UNIVERSIDAD › OPINIóN
› Por Ernesto Villanueva *
Con orgullo, estoy organizando una nueva universidad nacional que se llama Arturo Jauretche. El no fue ni un outsider ni un francotirador por vocación, como sostuvo recientemente el hijo de un gran historiador argentino. Más bien, como otros pensadores nacionales, fue un marginado por el establishment. Incluso, cuando en 1973 le ofrecimos la presidencia de Eudeba, rápidamente aceptó participar en aquella propuesta del mundo académico. Más aún, basta leer sus libros para entender que muchos de ellos tenían por detrás una gran tarea previa de búsqueda e investigación, escritos eso sí con un cuidado lenguaje para ser fácilmente comprensibles.
No se me escapa que las denominaciones, como los bautismos, son hechos de fuerza. Hay ciudades que cambian su nombre cuando se modifica el espectro de fuerzas que lo detenta. El Virreinato del Río de la Plata no fue lo mismo que la Argentina. Bautizar a alguien en 1956 como María Eva implicaba una actitud rebelde digna de admiración. Los nombres tienen tras de sí una historia pletórica de conflictos. Al imponerse, logran un refuerzo de su potestad. Con el tiempo logran naturalizarse y, en muchas ocasiones, borran designaciones anteriores.
En nuestro país, donde la política de la historia fue aún más presente, dada la concepción positivista de quienes la llevaron adelante, no sólo estaban dispuestos a borrar nombres, sino a no ahorrar sangre de adversarios. Incluso inventaron héroes, ningunearon seres de carne y hueso, negaron hechos históricos.
En el mundo universitario, en particular, es sorprendente la negación que la historia oficial llevó adelante respecto del momento en que se instituyó la enseñanza gratuita en la universidad. El esquema políticamente correcto indica glorificar la Reforma del ’18, olvidar que muchos reformistas apoyaron el golpe del ’30, ignorar que en 1949 se estableció la gratuidad, aplaudir sostenidamente la época gloriosa entre 1955 y 1966, adoptar una actitud distraída en relación con la experiencia de 1973/4 y cantar loas a la universidad radical desde 1983.
Este fuerte entrenamiento en silencios, recortes y exageraciones, en denominaciones arbitrarias y bautismos interesados, en ocasiones se naturaliza tanto que algunos lo confunden con la Historia, así escrito, con mayúscula. Eso lleva también a creer que sólo el mundo académico es el que crea conocimiento, siempre y cuando el mundo académico se corresponda con la fracción que siempre ha impuesto la historia.
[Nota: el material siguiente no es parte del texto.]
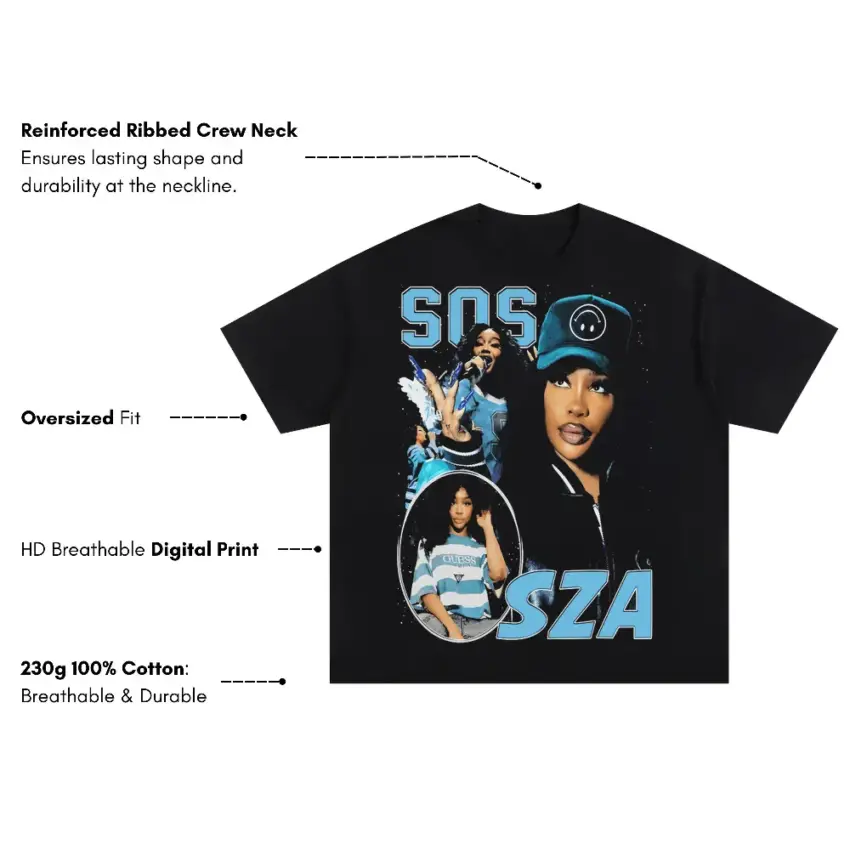 SZA SOS Lifeguard Tribute Oversized Black Graphic Tee - Image 5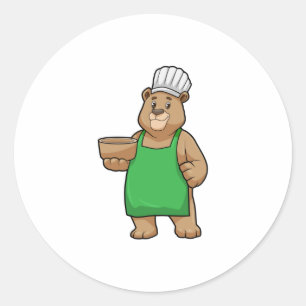 クマとして調理師と料理エプロン&ボウル ラウンドシール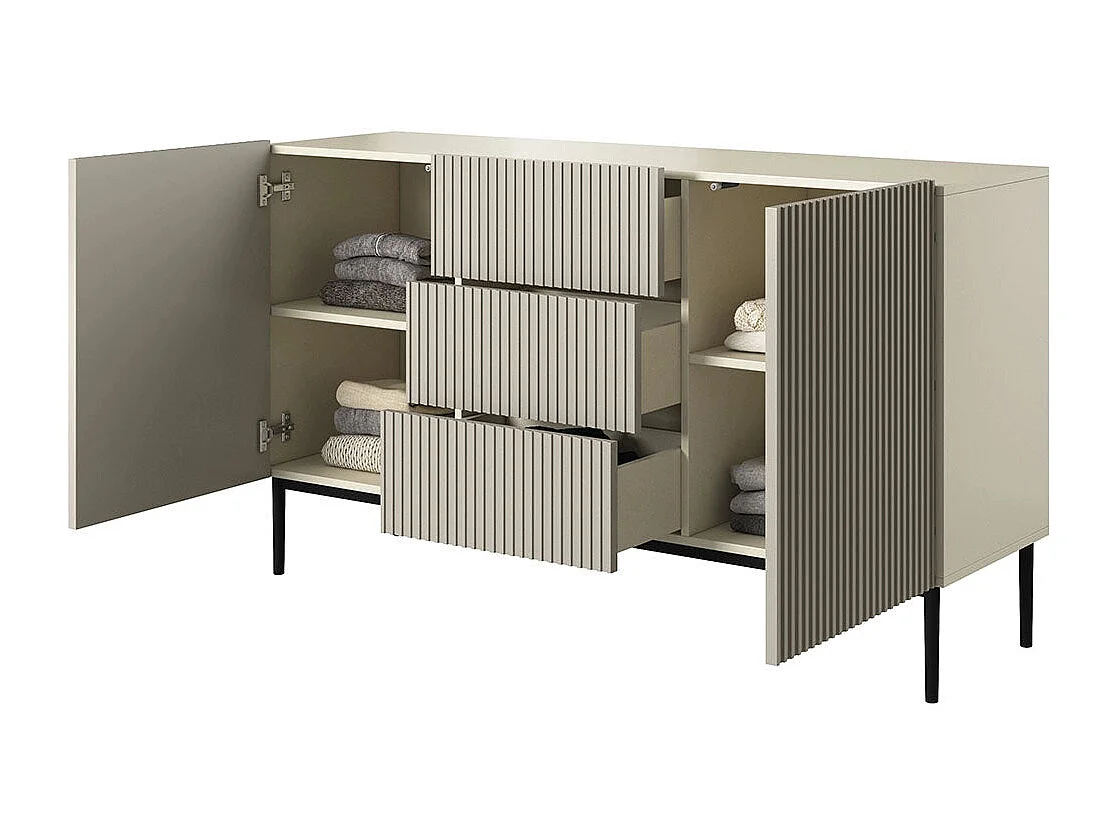 Buffet 2 deuren 3 laden centraal kasjmier met metaal bont zwart 150x45 cm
Pequeños detalles, como que gran parte de las invenciones y teorías científicas se originaron fuera de las dependencias áulicas o que numerosísimas instituciones universitarias en el mundo llevan por nombre a seres humanos concretos (v.g. Harvard, Sorbonne), se pasan por alto para reforzar nuevamente aquel esquema políticamente correcto, hoy tan agrietado, por cierto.
En la universidad que estamos organizando no se trata de satisfacer la sensibilidad peronista, sino de hacer justicia, a través de su denominación, a quien en su reflexión siempre tuvo como eje saber que la zoncera mayor es la de “civilización o barbarie”, esa creencia tan irracional que desprecia todo lo nuestro y ensalza todo lo externo. Hoy hablaríamos de un pensar situado, de una reflexión que se proyecta al mundo pero desde un espacio definido, de un análisis que critica esa visión apocalíptica que se enamora de las meras apariencias sin detenerse en las corrientes profundas que siempre han estructurado los verdaderos movimiento históricos.
Como académicos, como universitarios, nos parece extraordinario este homenaje no para que quede sólo un nombre, sino para que esa perspectiva de análisis de la realidad económica, social y política se conozca, se profundice y siga enriqueciendo nuestros modos de pensar y actuar.
* Rector organizador de la Universidad Nacional Arturo Jauretche.